My buddy was photographing sea hares - giant red sea slugs that took off like flying jellies. I had them crawling up my arm and over my head. But what really made it special was diving with Gavin - night time or anytime. Frankly, I'd have enjoyed diving in a sludge bucket with that man; he's a total star.
Whitetip reef sharks hunting by night at Cocos - they really get stuck in.
I had got bored with night dives. Everything would have gone to bed, and when you did find a solitary nocturnal creature, you suffered other divers standing on your head. I would rather spend the time getting ready for dinner. That's why I did no night dives on my first visit to Cocos Island.
My wife never misses any dive. She was with me on my second visit - which is why I never missed a night dive then, or on three subsequent visits.
Manuelita Island at night. You don't need to search for anything interesting -it searches for you! The whitetip reef sharks have learned to use the lights of divers in their voracious night-time search for hapless victims.
I don't mean you get the odd predator following you along, or even a few sharks. I am talking about hundreds!
The seabed becomes a churning mass of grey bodies as they compete to catch the small fish loitering helplessly under rocks. You may have seen whitetip reef sharks lolling lugubriously on the sand during daylight hours, but at night they become every small fish's worst nightmare.
It's a spectacle. I just make sure I get my buoyancy perfect. I don't want to put an unsuspecting hand among that lot!
Capstan on the Victoria.
Diving at night is probably the most relaxing thing I can imagine doing. Ever since I started diving I have always tried to dive after sunset whenever possible, whether turtle-spotting on a Barbadian reef or trimix-diving 100m down on a wreck - it's magic.
Seeing by torchlight lets the mind focus only on an image in the spotlight, eliminating all the peripheral adverts that normally cloud and pollute life and vistas topside.
My favourite all-time night dive was last year during a trip to Lebanon. Bad weather had prevented diving on HMS Victoria for a week, but every day the winds abated by 6-7pm. We decided to dive the wreck to 100m as a night dive and it proved incredible.

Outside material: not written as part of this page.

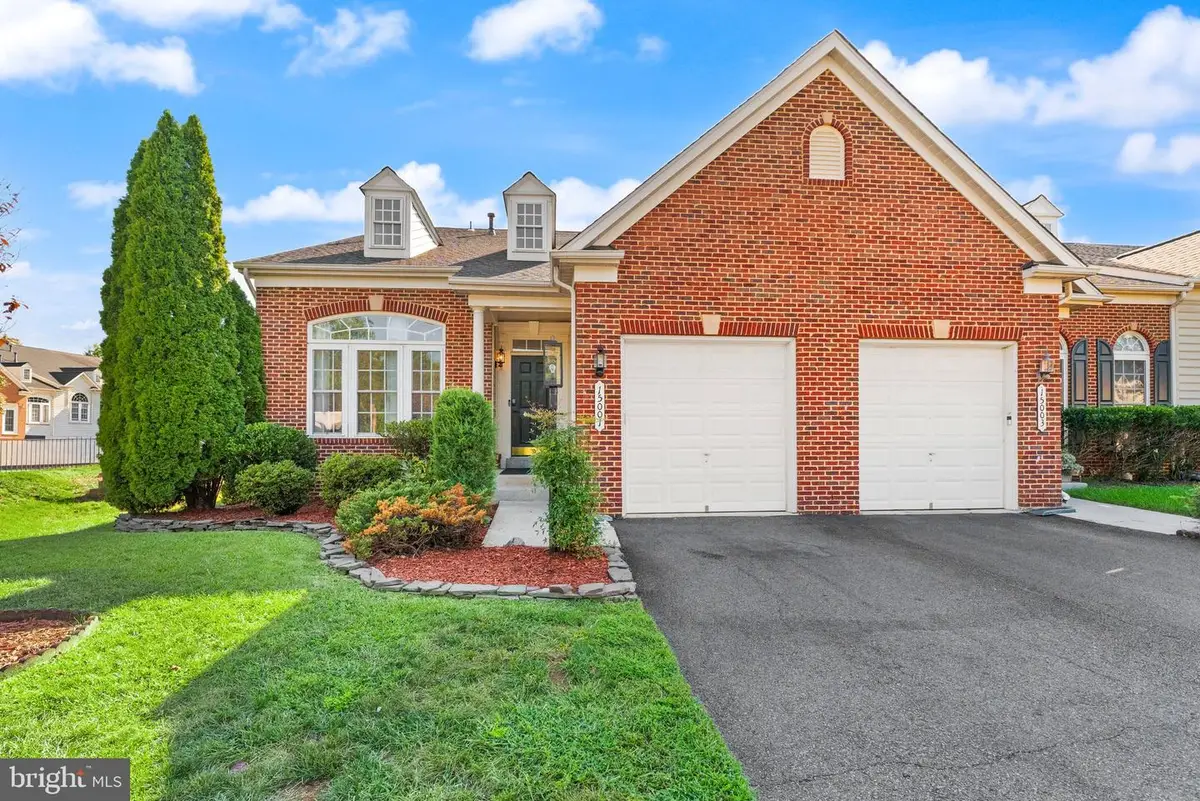 15001 Gaffney Cir, Gainesville, VA 20155 - #1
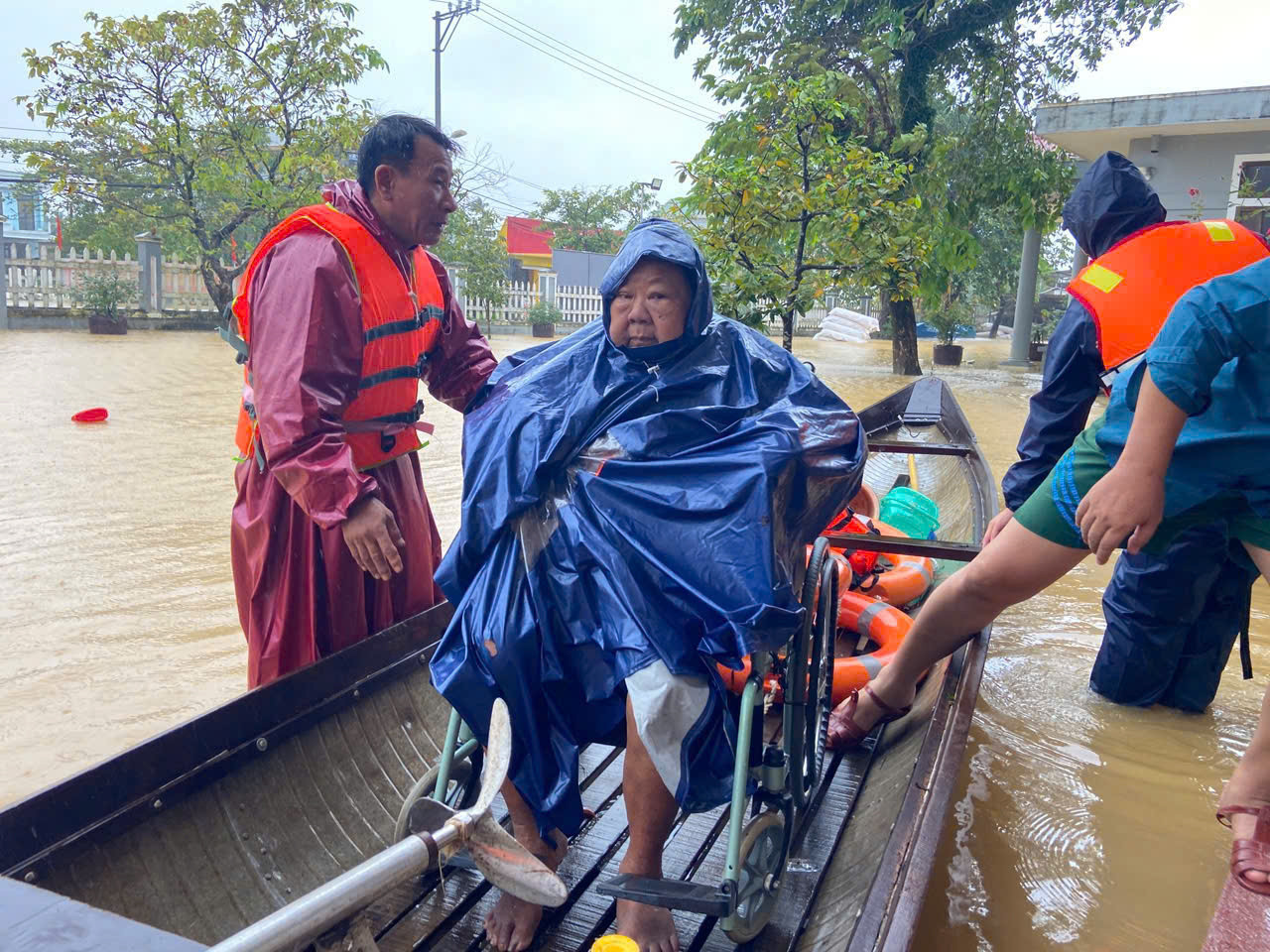 Nước sông dâng vượt xa báo động 3, TP Huế tiếp tục chìm trong biển nước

Looking through a torch beam focused our gaze onto fragments of the wreck yet unnoticed. Peering through portholes and doorways, scanning the scene just a foot at a time, it was possible to draw an image of life on-board just before Victoria's tragic sinking a century ago.
Every shadow seemed to dance and play mind tricks, looking inside this gallant wreck - was it a trick of the light, a restless fish or something else? Who knows?
Just as amazing was to dive to such incredible depths at night, a group of seven divers using both open- and closed-circuit equipment, with everybody clearly having the dive of their lives.